Uber tax fighter Grover Norquist and Kelsey A. Zahourek, of the Property Rights Alliance, call out broadcasters for using the word “tax” to describe the royalties musicians and record labels are seeking from radio stations for playing their songs over the air.
They give support to the idea of the Performance Rights Act but not the means. They argue that musicians should be entitled to compensation when their songs are played on the radio. They just don’t think that the government should be the one to mandate it, and that the market should work it out.
They write in Roll Call, “Just as dishonest as calling a tax a fee or fine, so too is it wrong to
apply the word “tax” to a royalty payment. Creating the negative
perception that this legislation creates a new tax may be convenient in
the short term and assist opponents in gaining political support; in the
long run it is incredibly unhelpful to those who work to reduce the
burden of government on our everyday lives.”

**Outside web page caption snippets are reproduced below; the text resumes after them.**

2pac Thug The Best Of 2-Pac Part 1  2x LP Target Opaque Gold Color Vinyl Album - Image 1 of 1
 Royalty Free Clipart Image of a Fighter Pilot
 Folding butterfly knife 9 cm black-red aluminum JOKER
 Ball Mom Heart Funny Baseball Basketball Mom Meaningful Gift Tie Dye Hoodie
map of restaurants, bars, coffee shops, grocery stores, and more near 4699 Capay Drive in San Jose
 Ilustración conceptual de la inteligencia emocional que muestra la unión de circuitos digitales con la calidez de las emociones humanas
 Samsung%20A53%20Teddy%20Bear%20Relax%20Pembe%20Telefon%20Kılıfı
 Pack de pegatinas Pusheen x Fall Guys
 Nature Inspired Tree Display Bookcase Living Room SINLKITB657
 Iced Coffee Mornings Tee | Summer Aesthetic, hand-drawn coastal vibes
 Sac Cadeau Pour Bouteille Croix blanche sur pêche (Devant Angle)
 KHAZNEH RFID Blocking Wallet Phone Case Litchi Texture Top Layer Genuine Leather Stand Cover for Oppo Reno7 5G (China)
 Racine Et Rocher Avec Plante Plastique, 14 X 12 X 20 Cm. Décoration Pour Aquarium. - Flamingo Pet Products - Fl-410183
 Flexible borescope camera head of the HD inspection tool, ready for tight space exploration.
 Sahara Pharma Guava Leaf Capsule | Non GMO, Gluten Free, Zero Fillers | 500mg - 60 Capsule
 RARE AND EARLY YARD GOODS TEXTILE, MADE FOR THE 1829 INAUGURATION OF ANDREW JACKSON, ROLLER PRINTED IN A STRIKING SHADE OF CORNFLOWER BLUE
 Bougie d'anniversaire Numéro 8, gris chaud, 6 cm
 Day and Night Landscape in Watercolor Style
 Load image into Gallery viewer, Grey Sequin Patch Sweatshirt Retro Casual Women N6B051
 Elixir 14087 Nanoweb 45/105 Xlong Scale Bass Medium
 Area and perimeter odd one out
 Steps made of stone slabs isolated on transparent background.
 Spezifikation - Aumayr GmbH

Unlike just about everything on Capitol Hill these days, the debate over the Performance Rights Act crosses party lines. It was supported by President Bush’s administration and is supported by Obama’s. Conservative and liberal lawmakers can be found among the ranks of the supporters as well as its staunch opponents. Both sides claim that this is about jobs, and pushing back against big business. (Monopolistic broadcast groups on one end, greedy record labels on the other). But it’s hard not to see that both camps are struggling with the rapid changes in the marketplace.